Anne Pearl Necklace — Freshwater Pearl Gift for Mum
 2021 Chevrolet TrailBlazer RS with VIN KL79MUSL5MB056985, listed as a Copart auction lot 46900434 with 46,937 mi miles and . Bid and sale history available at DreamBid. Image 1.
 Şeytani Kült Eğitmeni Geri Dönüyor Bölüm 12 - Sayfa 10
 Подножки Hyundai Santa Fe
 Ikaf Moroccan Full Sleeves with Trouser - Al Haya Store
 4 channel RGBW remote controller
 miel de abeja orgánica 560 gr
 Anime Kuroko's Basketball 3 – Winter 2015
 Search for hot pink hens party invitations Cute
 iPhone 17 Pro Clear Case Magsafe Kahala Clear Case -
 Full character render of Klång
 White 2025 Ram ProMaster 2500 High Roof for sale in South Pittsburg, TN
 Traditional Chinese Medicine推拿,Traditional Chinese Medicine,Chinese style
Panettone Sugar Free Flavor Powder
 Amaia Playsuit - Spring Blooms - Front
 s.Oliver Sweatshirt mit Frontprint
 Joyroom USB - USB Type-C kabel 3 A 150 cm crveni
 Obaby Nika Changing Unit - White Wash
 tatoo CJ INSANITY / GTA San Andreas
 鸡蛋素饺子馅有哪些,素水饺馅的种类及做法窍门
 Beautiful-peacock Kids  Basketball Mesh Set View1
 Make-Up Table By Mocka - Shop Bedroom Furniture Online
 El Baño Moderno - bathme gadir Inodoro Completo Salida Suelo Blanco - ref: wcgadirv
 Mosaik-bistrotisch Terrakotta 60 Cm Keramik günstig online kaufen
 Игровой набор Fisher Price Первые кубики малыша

= = = =

THE TASK: Among the lines above, which hold the word "White"? Report each one.

WRITTEN ANSWER:
 White 2025 Ram ProMaster 2500 High Roof for sale in South Pittsburg, TN
 Obaby Nika Changing Unit - White Wash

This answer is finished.